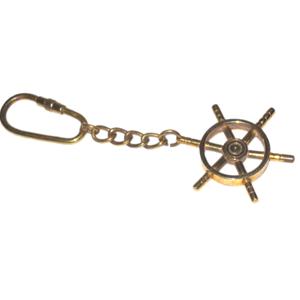 Nautical Brass Armillary Keychain Travel Vintage Brass Survival Waterproof Top Product High Quality Indian Handicraft Item - Product Image 2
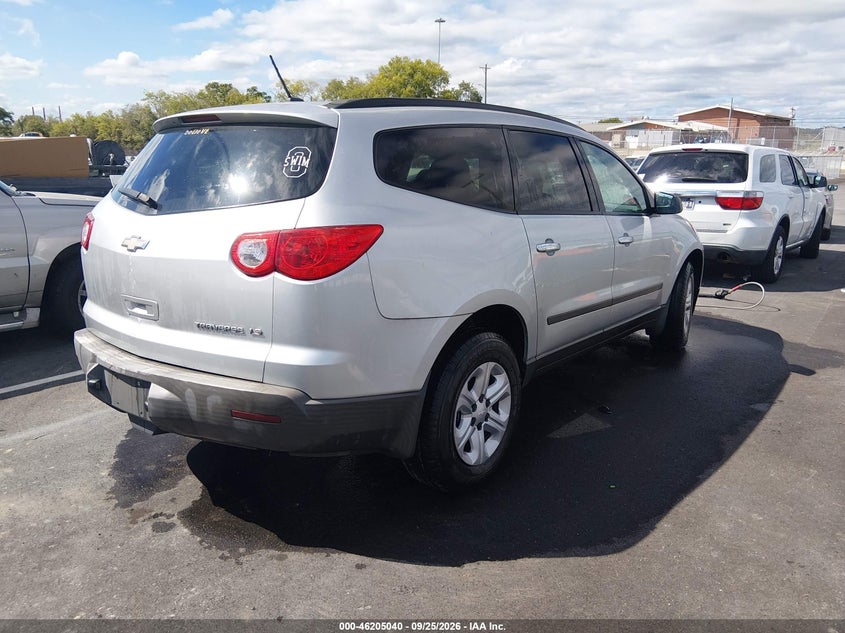 Vin: 1gnkrfed4cj266639, lot: 46704952, chevrolet traverse ls 20124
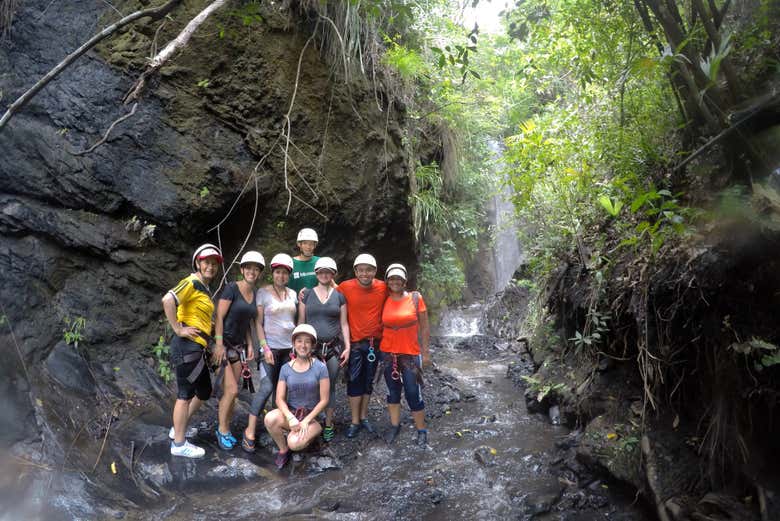 Prêt pour l'activité de canyoning
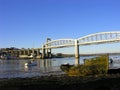 Tamar Bridge River Tamar Devon Royalty Free Stock Photo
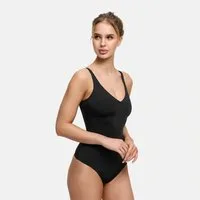 cfab (creamy fabrics) Shaping-Body Shiny Sculpting String-Body-Schwarz-XL (1-tlg)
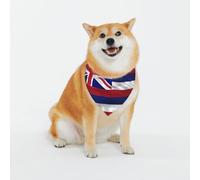 Flag of Hawaii American Dog Bandanas - Adjustable Pet Scarf, for Small to Large Dog Puppy Cat, Black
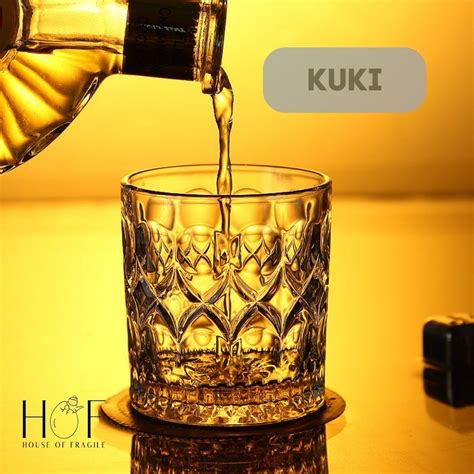 Jual HOF KUKI Gelas Whiskey Kaca Aesthetic Whisky Bar Rock Glass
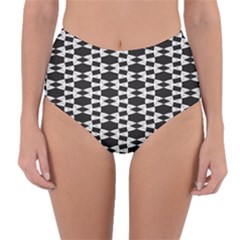 Geometric Reversible High-waist Bikini Bottoms by Sparkle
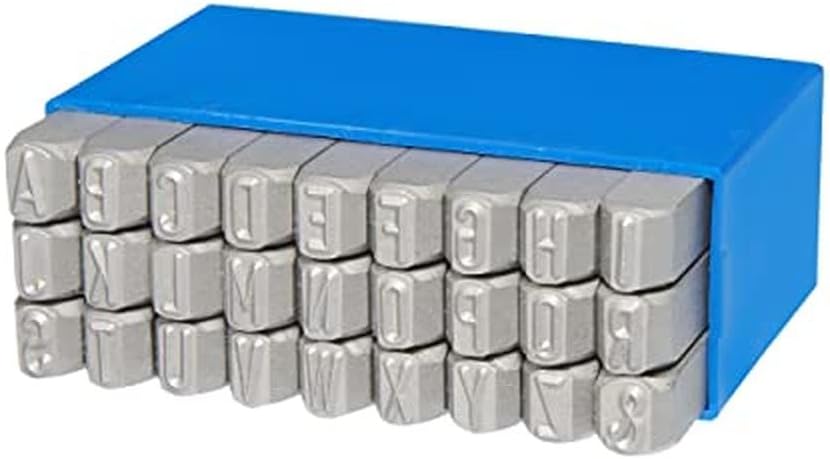 GRAVUREM-S Standard Schlagbuchstaben Schlagstempel, Prägestempel, Einschlagbuchstaben - Buchstaben A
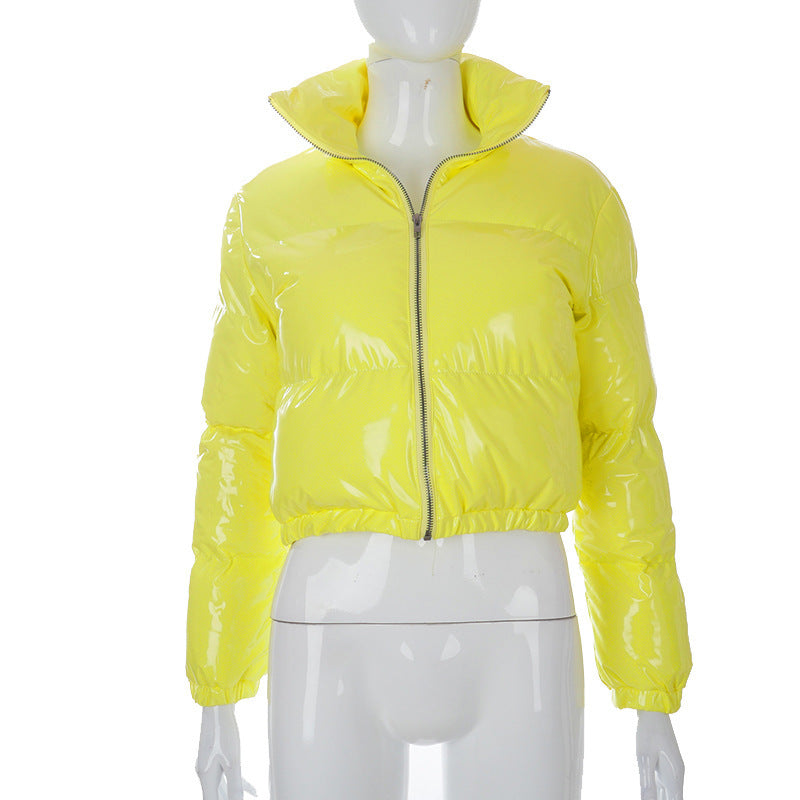 A20666T Damen Herbst/Winter PU-Leder Cardigan Jacke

-.-.-

What is being asked:
Give the records above again verbatim, pictures omitted.

Result for this exercise:
 Nautical Brass Armillary Keychain Travel Vintage Brass Survival Waterproof Top Product High Quality Indian Handicraft Item - Product Image 2
 Vin: 1gnkrfed4cj266639, lot: 46704952, chevrolet traverse ls 20124
 Prêt pour l'activité de canyoning
 Tamar Bridge River Tamar Devon Royalty Free Stock Photo
 cfab (creamy fabrics) Shaping-Body Shiny Sculpting String-Body-Schwarz-XL (1-tlg)
 Flag of Hawaii American Dog Bandanas - Adjustable Pet Scarf, for Small to Large Dog Puppy Cat, Black
 Jual HOF KUKI Gelas Whiskey Kaca Aesthetic Whisky Bar Rock Glass
 Geometric Reversible High-waist Bikini Bottoms by Sparkle
 GRAVUREM-S Standard Schlagbuchstaben Schlagstempel, Prägestempel, Einschlagbuchstaben - Buchstaben A
 A20666T Damen Herbst/Winter PU-Leder Cardigan Jacke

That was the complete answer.